Inspection of District Heating Pipelines Using Thermography
Vehicle-based Operation of the Infrared Camera VarioCAM® HDx
District heating is generally regarded as an extremely efficient and environmentally friendly form of energy supply. Based on industrial waste heat or renewable energy sources, it offers the possibility of heating water and thus supplying private, commercial and industrial customers. Prerequisite for this is an intact transport system. Only then energy reaches the consumers with minimal losses. This is precisely what Netze Duisburg GmbH is doing to control the city's entire district heating network supported by InfraTec infrared cameras.
Several Hundred Kilometres of Pipelines in Focus
Peter Becker, working at the district heating service department at Netze Duisburg GmbH, is one of the experts in handling these cameras. He and his team use InfraTec thermography systems to regularly inspect the district heating network for possible leaks and check the sleeves of plastic-coated pipes for perfect thermal insulation. "The network covers almost 465 kilometres," says Becker. "So we have to monitor several kilometres for water leakage."
The image was captured due to damage that led to water losses in the district heating network. Using an infrared camera, the damage to the connection pipe for the district heating could be located quickly and accurately.
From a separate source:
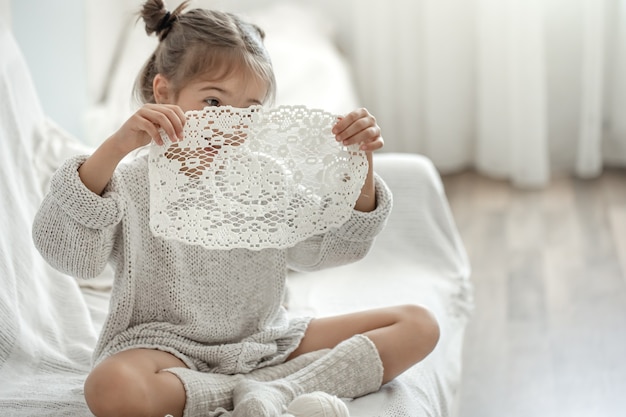Ręcznie Robione Ubranka dla Dzieci: Połączenie Stylu, Komfortu i Etyki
Not a job to be accomplished on foot. Therefore, an infrared camera of the VarioCAM® HDx research 600 series is mounted on the roof rack of a car with a pan/tilt head. Its robust light metal housing, combined with the LEMO® plug connections that maintain the degree of protection, ensures that the system is not affected by any weather conditions. The custom-built design includes a cable entry into the vehicle interior. Here, Peter Becker and his colleagues can monitor and evaluate the recordings live on the monitor of their notebooks. „Wherever a leak has formed, even small temperature differences can be clearly seen on the road surface. In this way, we can inspect a large area of the district heating network within a short period of time," explains Peter Becker. The consumer will not notice any of this. The monitoring is basically carried out during regular network operation and proves to be extremely accurate.
Thermal images can be viewed and evaluated live while driving, for example to inspect joints. The excellent technical characteristics of this thermographic camera enable reliable leakage location instantly even if leaks are only distinguished from the environment by small temperature gradients. The road to success: Its high-quality microbolometer detector in the format (640 × 480) IR pixels and the capability to detect smallest thermal differences up to 30 mK.
Thermography Enabling Fast Maintenance
Once a leak has been identified, Peter Becker notifies his colleagues responsible and repairs may commence. Efficiency and promptness are therefore the decisive advantages he sees in the use of infrared cameras for his work. This is complemented by a high degree of flexibility. Finally, if desired, the camera can also be removed from the pan/tilt head and simply used as a hand-held device. The 5.6 inch extremely large and very bright colour TFT display allows the immediate evaluation of recordings, even if the camera is not live connected to a computer. This considerably expands the range of applications for the thermography system. Within the Netze Duisburg GmbH, this technology is an extremely effective element of leak detection, which complements other leak detection methods such as monitoring of synthetic jacket pipe systems based on moisture indicators and pressure tests in network areas.
Special construction with pan-tilt head on the roof rack.
Since 2017, Netze Duisburg GmbH has been using an utility vehicle equipped with an infrared camera.
About 70,000 households and companies of the Ruhr metropolis are supplied via the predominantly buried district heating network. These are about 35% of the almost 500,000 inhabitants of the city. The high-pressure supply lines of the network, in which water as a heat transfer medium at temperatures of up to 125 degrees Celsius reaches the consumers, are very well insulated. Thus, only 5 degrees of cooling can be seen as a loss on the way. District heating of Duisburg not only heats residential and commercial premises, but also generates hot water via a domestic water heater.